Just replaced the crankshaft on a GCV 190 Honda lawn mower HRX 217 TDA that had hit an inmovable object. Everything ran fine for a few seconds, but going from idle to fast with the throttle, the engine guned all of a sudden and I had to use the kill switch. Will not idle and RPM out of control. If I hold the governor arm down, RPM OK. Sounds to me like a governor issue inside the crankcase, and a new tear down is in order. The governor lever does not stay in the down position when engine is running, but lift slightly at any throttle position, disturbing the RPM. But before I re-do this job, I would like to check with the community in case I'm missing something far more easy to deal with. Thanks for your advices... New parts came from Honda dealer, genuine Honda parts. I'm a first timer at this.


----------



## 30yearTech (Sep 14, 2006)

Try performing a static governor adjustment first. If the adjustment is off even a little the engine can race.


----------



## Cranky (May 21, 2010)

Thanks 30yeartech. But being a novice at this, I do not know what it means and what to do. When installing the governor lever back on its shaft, I was careful to reposition everything the way it was before disassembly, and also checked to make sure the lever travel back and forth the same way as well. Thanks for explaining in details the static governor adjustment procedure, or send me to a link that do so.
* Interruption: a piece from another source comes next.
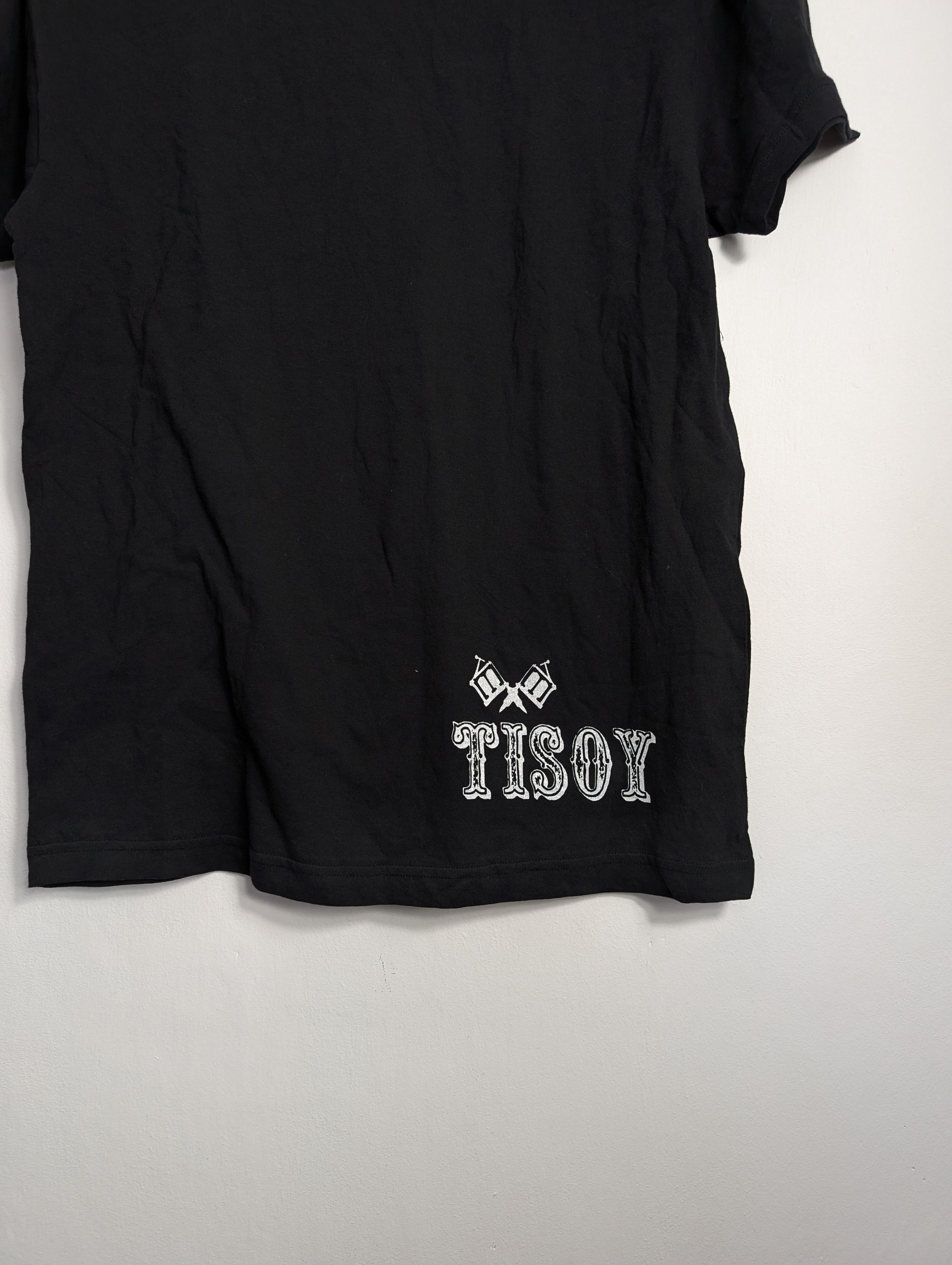 Band Tees × Vintage Metal Head Merch Snake Dagger Graphic Tee Alt Metalcore Size US S / EU 44-46 / 1 - 5 Thumbnail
Thanks in advance.


----------



## 30yearTech (Sep 14, 2006)

Locate the governor shaft where it comes out of the engine block. 

Loosen the arm that is attached to the shaft. 
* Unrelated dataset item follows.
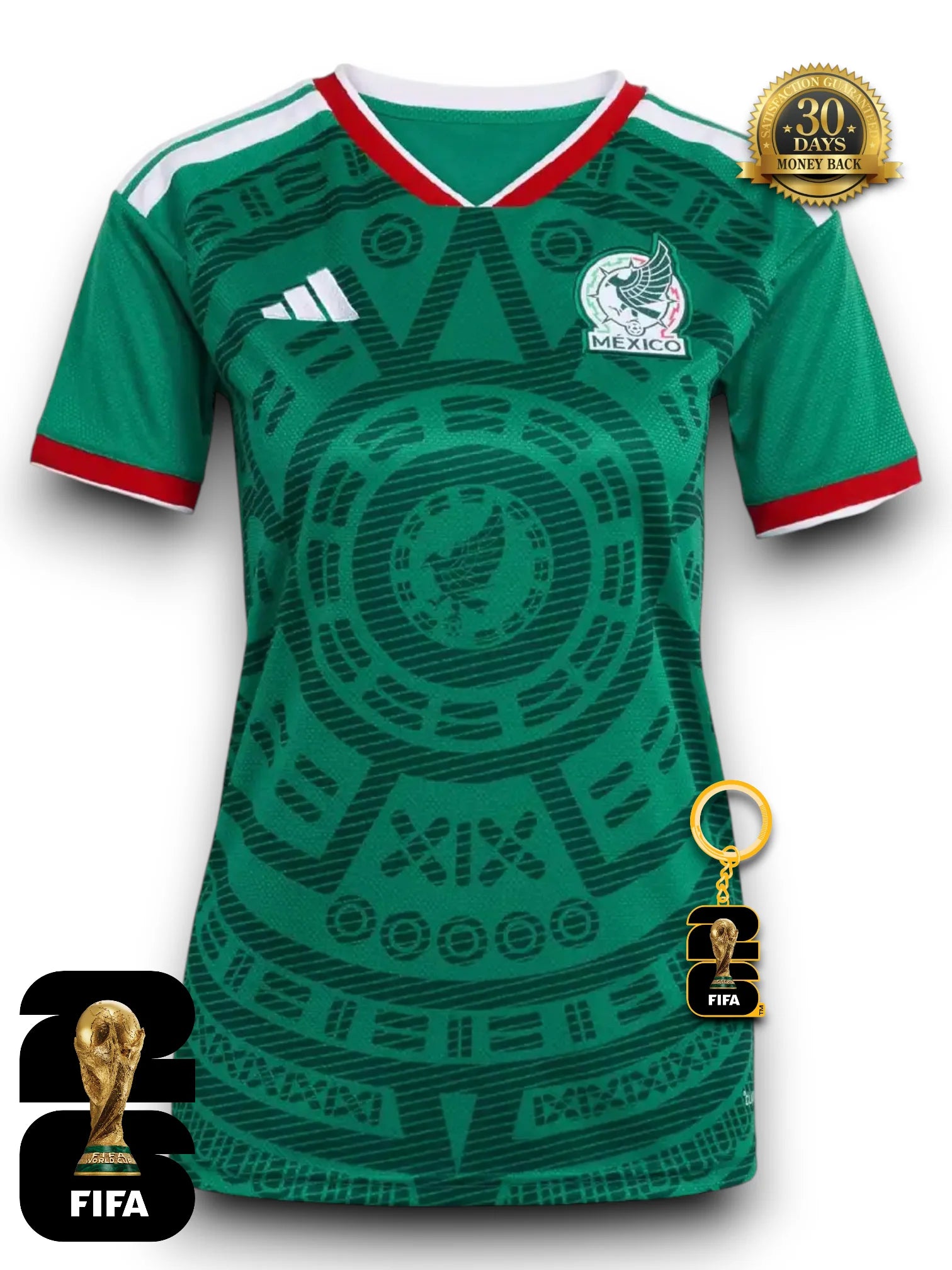Mexico World Cup 2026 Jersey - Women's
Hold the throttle on the carburetor to the wide open position and note which direction the arm attached to the governor shaft moves. 

While holding the throttle wide open rotate the governor shaft in the same direction it would turn to open the throttle, turn it until it stops. 
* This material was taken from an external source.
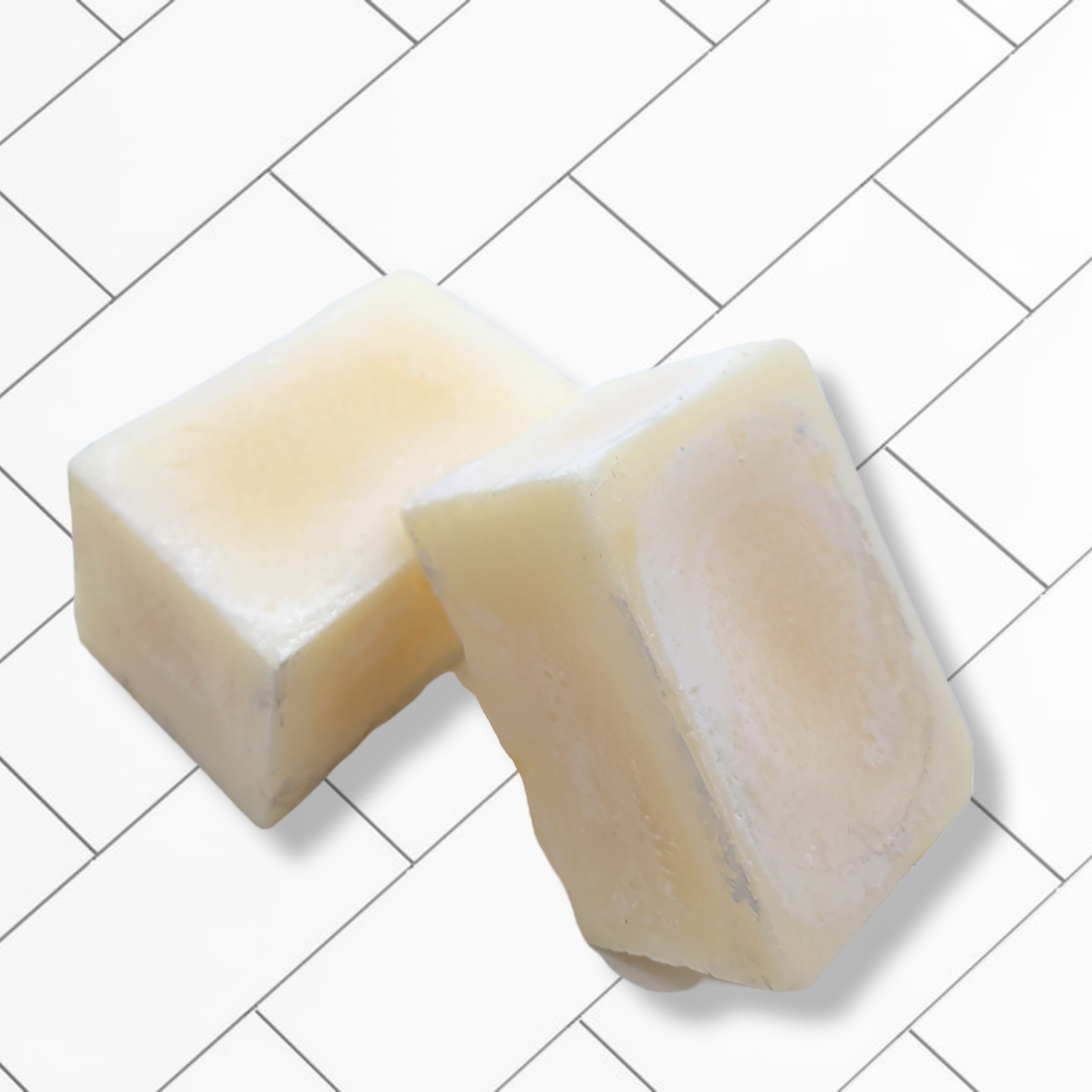 Solid Dish Soap -Vegan- Zero Waste - Plastic Free (Lemon EO)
Tighten the arm back down to the governor shaft. 

That's the procedure for making the static adjustment on any internal governor, horizontal or vertical.


----------



## Cranky (May 21, 2010)

Thanks for the explanations. I did just that. No improvement. I have a good GCV 160 for comparaison. When running the good engine, at idle, the governor shaft stays down, and resist somewhat when applying upright pressure. With the troublesome GCV 190, that governor floats freely, like the engine was off, and if not held down with the finger, RPM will exceed engine max speed. Wouldn't you agree that what's left is that something happened with the internal governor weights ? What puzzle me is what could have gone wrong during reassembly of the oil pan...nothing was forced. I checked the governor internals and it looked good. Was I suppose during re-assembly to hold that governor shaft a certain way ? I would assume that the governor plastic gear just made contact with the gear on the crankshaft at a 90 degree angle upon re-installing the oil pan...? Thanks for sharing your opinion on this...


----------



## 30yearTech (Sep 14, 2006)

Well it does sound like your going to have to tear it down again. If the flyweights were not under the spool when it was reassembled then the spool will not be lifted by them to actuate the governor arm. That all I can think of anyways.


----------



## Cranky (May 21, 2010)

It makes sense. Thank you for your advices. This project will take place in a few days. I'll let you know what I find.


----------



## Cranky (May 21, 2010)

OK, I took the oil pan off again, and found absolutely nothing wrong with the governor assembly, its weights, gears, etc... I even showed it to the Honda dealer, just to make sure. So I put everything back together, and the governor works fine now. I have no idea what could have gone wrong the first time, since all these parts can only fit one way.

One word of caution for those who will attempt such a job (crankshaft replacement) : the aluminum parts are very fragile on the GCV 190, and won't take many cycles of bolts off - bolts on. It is a well designed engine, always starting on that first pull, even after 2
tear down, but definitely not commercial grade, and probably not meant to be rebuilt either.

Thanks for the help provided by this forum, especially 30yearTech.


----------